-- ENTRIES PROVIDED --
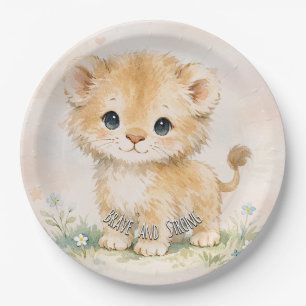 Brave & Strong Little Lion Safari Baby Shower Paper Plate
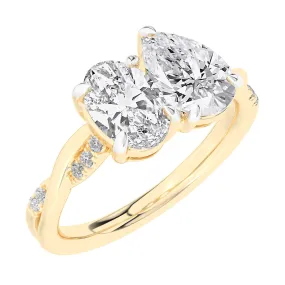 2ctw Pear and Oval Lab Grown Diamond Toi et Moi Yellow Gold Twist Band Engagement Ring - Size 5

* * *

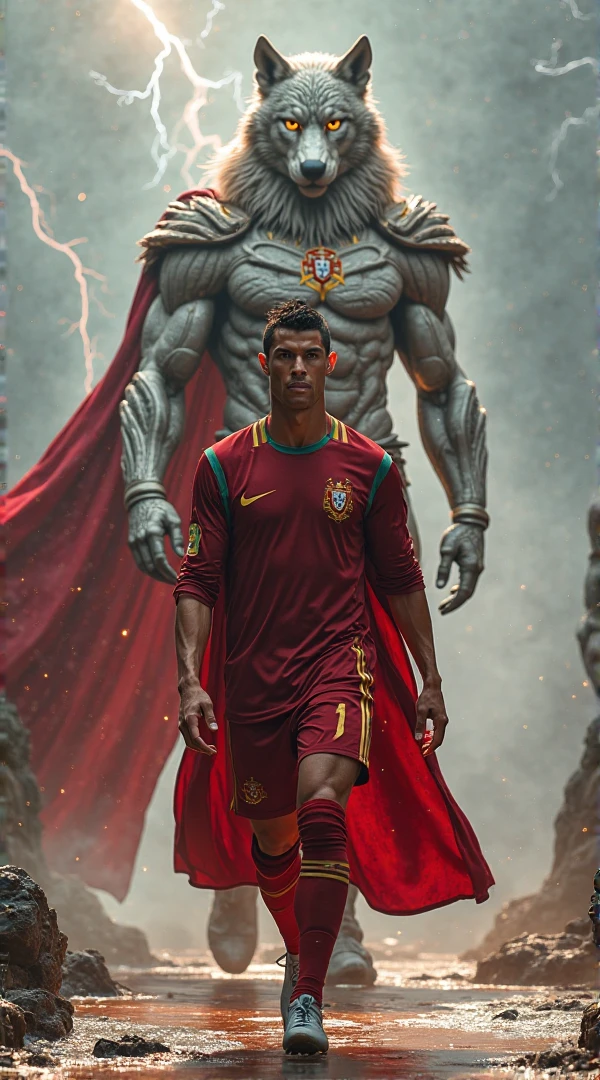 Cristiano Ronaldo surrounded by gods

--

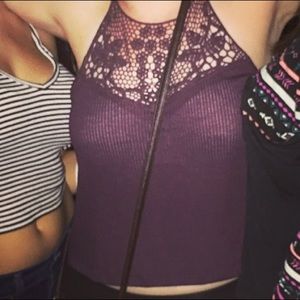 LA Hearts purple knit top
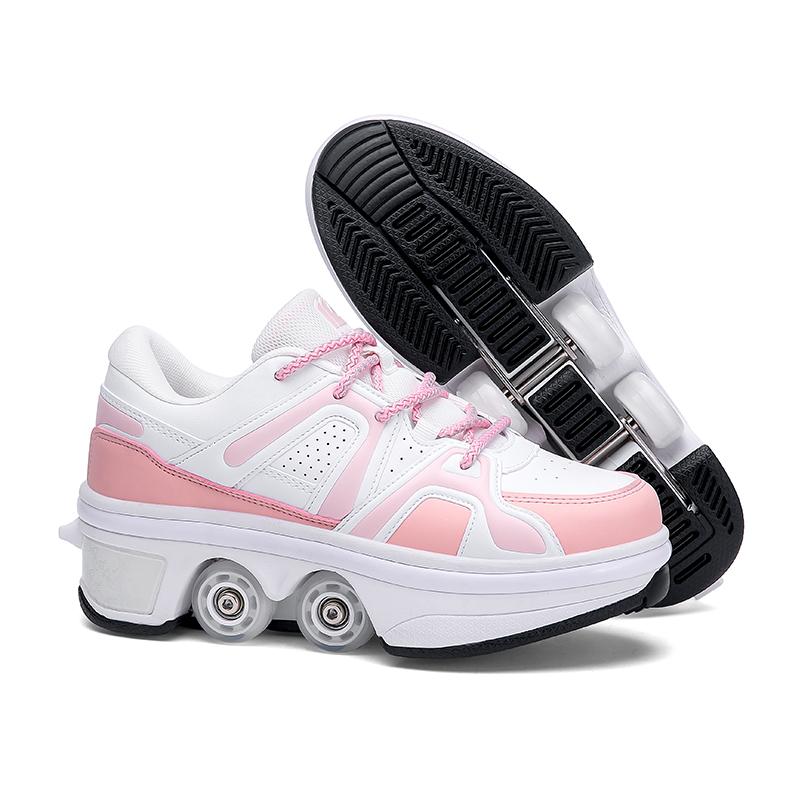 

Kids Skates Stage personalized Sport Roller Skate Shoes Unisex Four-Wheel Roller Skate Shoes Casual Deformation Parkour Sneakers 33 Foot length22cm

-- WHAT TO DO --
Reproduce word for word, with pictures dropped, only the part of the material above that opens with the line containing "LA Hearts purple knit top" and closes with the line containing "Kids Skates Stage".

-- RESULT --
 LA Hearts purple knit top

Kids Skates Stage personalized Sport Roller Skate Shoes Unisex Four-Wheel Roller Skate Shoes Casual Deformation Parkour Sneakers 33 Foot length22cm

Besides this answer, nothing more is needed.